I’m curious about your motivation for writing this. Did it start out as something legitimate and morphed into a joke when you wanted to see how far you can push it? Or were you taking the piss the whole time?


Taking the piss 100%


> I do not give anyone permissions to use this tool for any purpose. Don't use it.

At least "any purpose" should say anything other than personal testing or something. This is silly otherwise. On the other hand at least he's transparent about it.


> This is silly otherwise.

There are many things for which we do not need permission though. I am OK with these words.


The project is meant as one big joke, so yeah don't use it.


Looks like someone made a MIT licensed version of it: https://github.com/undefinedlabs/go-mpatch


It should be thread safe once the write completes, no?


Cool to see these system level programming tricks being done in Go.

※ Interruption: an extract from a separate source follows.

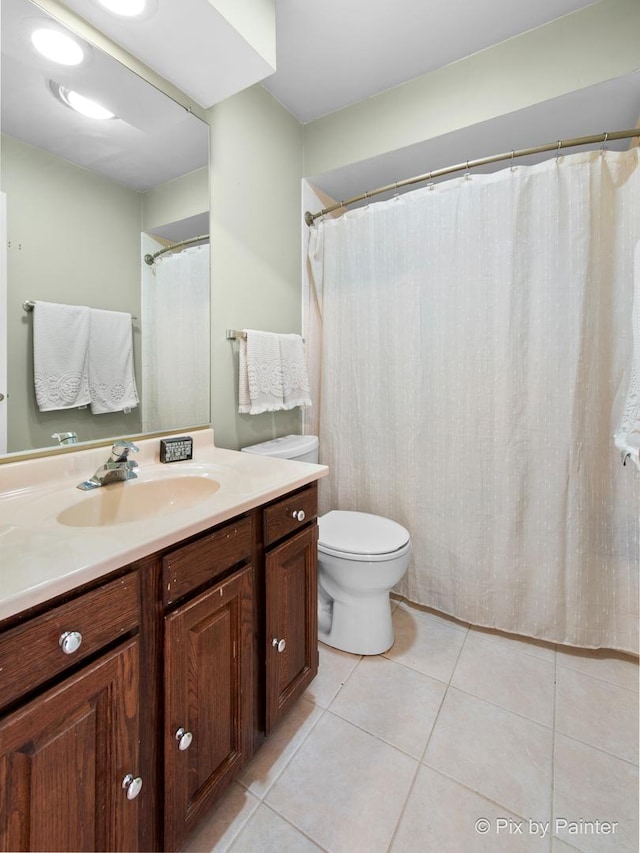 full bathroom featuring tile patterned flooring, toilet, and vanity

This kind of dirty tricks is sometimes used to mock binary libraries for testing.

https://www.microsoft.com/en-us/research/project/detours/

https://docs.microsoft.com/en-us/visualstudio/test/isolating...

Yep, questionable, but sometimes that is the only way to match those QA metrics.


I know for a fact that detours is used by a lot of malware


Hah reminds me of the spirit of fuckitjs (https://github.com/mattdiamond/fuckitjs).


What are some good uses of monkey patching? How do you stop it being a maintenance nightmare?


Suppose you want to unit test some function you've written that makes use of a library that doesn't implement interfaces. You can either write a wrapper interface for the library and inject this wrapper as your dependency, or you can just use the library as-is and hook the function calls in your tests using OP's library. The first method might be the "proper" way of doing things, but you end up with slightly more cluttered code purely to serve the needs of your unit tests. In the second case, any unsafe code is never going into production

It's sort of like asking "What's a good use of WriteMemoryProcess or CreateRemoteThread". It's not the kind of tool you acquire and then go find uses for, it's something you will resort to only when you have no other logical choice


Hmm could be an interesting way to decorate funcs with logging.


This is basically the idea behind Aspect Oriented Programming.

https://en.wikipedia.org/wiki/Aspect-oriented_programming


Yea I was aware... I hesitated to suggest this could lead to AOP for Go because I'm not fond of AOP and it's magicalness at all (used to write a lot of Java)


This is from 2015 (though I didn't see it that time round so thanks for the resubmission).